Global markets adjusted revenue slipped $202 million to $1.1 billion over the same period, while wealth management dropped 18 percent, also to $1.1 billion in what the bank said was a “challenging external environment in the fourth quarter”.
Analyst Dickie Wong from Kingston Securities said the bank missed estimates towards the end of the year partly because China and Hong Kong are its “most relied (on) market”.
“The slowing down of the economy, the trade war between China and the US also remain an uncertainty.

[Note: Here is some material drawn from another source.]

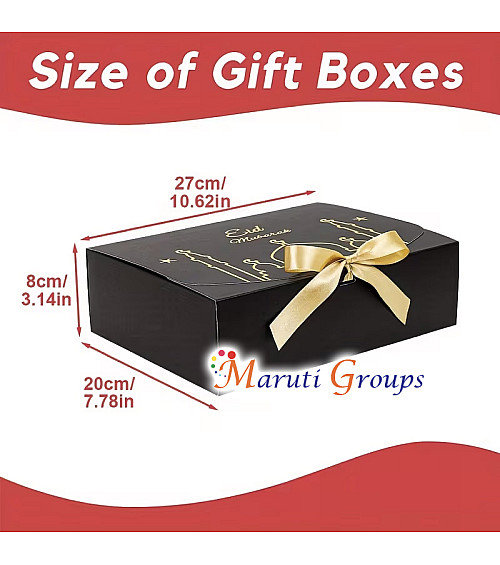 6pcs Eid Mubarak Hot Stamping Gift Box Set – Black & White (26.97 x 19.76 x 7.98cm)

That’s why it missed estimates,” he told AFP.
– Political pressure on trade –
Jackson Wong, of Huarong International Securities, said revenues were also a little underwhelming.
“One of the key things I see is their revenue didn’t grow as much as they were expecting, so that their cost efficiency is not improved as expected,” he told AFP.

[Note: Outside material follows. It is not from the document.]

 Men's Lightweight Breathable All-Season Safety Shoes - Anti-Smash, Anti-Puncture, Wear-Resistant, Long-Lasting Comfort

The firm’s Hong Kong-listed shares were down 1.6 percent in afternoon trade.
In a statement attached to Tuesday’s earnings, the bank’s leadership said they were prepared to weather fallout from any failure of the the trade talks and Britain’s impending departure from the EU.
“The fundamentals for growth in Asia remain strong in spite of a softer regional economic outlook,” chairman Mark Tucker said in a statement attached to the annual report.
“The system of global trade remains subject to political pressure, and differences between China and the US will likely continue to inform sentiment in 2019,” he said.
He added that progress on trade deals between the EU, Singapore and Japan — as well a large deal among Pacific trading nations — helped cushion those jitters.
With Brexit looming, HSBC followed the other major British financial giants in ring-fencing its UK bank in 2018.
“We continue to prepare for the UK’s departure from the EU”, Flint said, adding its operations in France “gives us a major advantage in this regard”.
Analysts have said that while Britain crashing out of the EU with no deal in place would hit banks hard, HSBC is more insulated than many of its British competitors partly because so much of its business is based in Asia.
HSBC posted a healthy doubling of profits in 2017 but it faced some troubling years before that.
The bank had to lay off tens of thousands of staff as part of a wide-ranging overhaul that also saw it sell its Brazil operations in 2015 and also had to pay out huge money laundering penalties earlier in the decade.